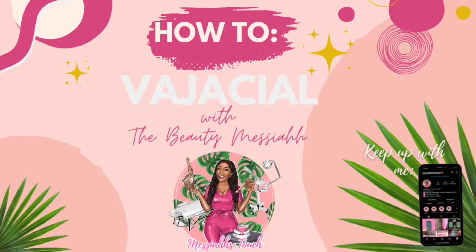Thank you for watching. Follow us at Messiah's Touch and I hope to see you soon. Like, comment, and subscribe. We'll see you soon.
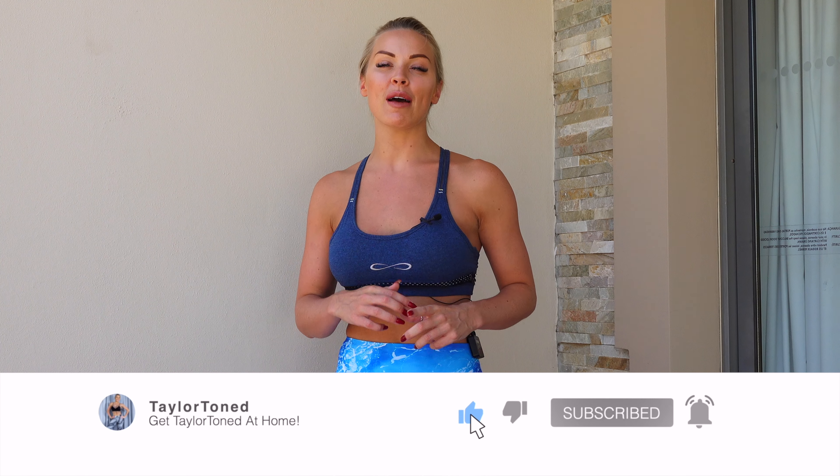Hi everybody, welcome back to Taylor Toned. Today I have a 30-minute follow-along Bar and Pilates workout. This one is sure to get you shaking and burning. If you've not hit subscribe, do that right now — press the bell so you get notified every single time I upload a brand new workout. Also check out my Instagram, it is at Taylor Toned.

* * *

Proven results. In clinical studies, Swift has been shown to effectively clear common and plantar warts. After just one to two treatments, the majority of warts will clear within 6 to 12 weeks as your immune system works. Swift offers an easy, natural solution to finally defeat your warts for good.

REQUIRED ACTION
A verbatim reproduction is expected: starting at the line above that has "Thank you for", ending at the line that has "Hi everybody, welcome", both included, and with no pictures and no other lines.

RESPONSE AREA
Thank you for watching. Follow us at Messiah's Touch and I hope to see you soon. Like, comment, and subscribe. We'll see you soon.
Hi everybody, welcome back to Taylor Toned. Today I have a 30-minute follow-along Bar and Pilates workout. This one is sure to get you shaking and burning. If you've not hit subscribe, do that right now — press the bell so you get notified every single time I upload a brand new workout. Also check out my Instagram, it is at Taylor Toned.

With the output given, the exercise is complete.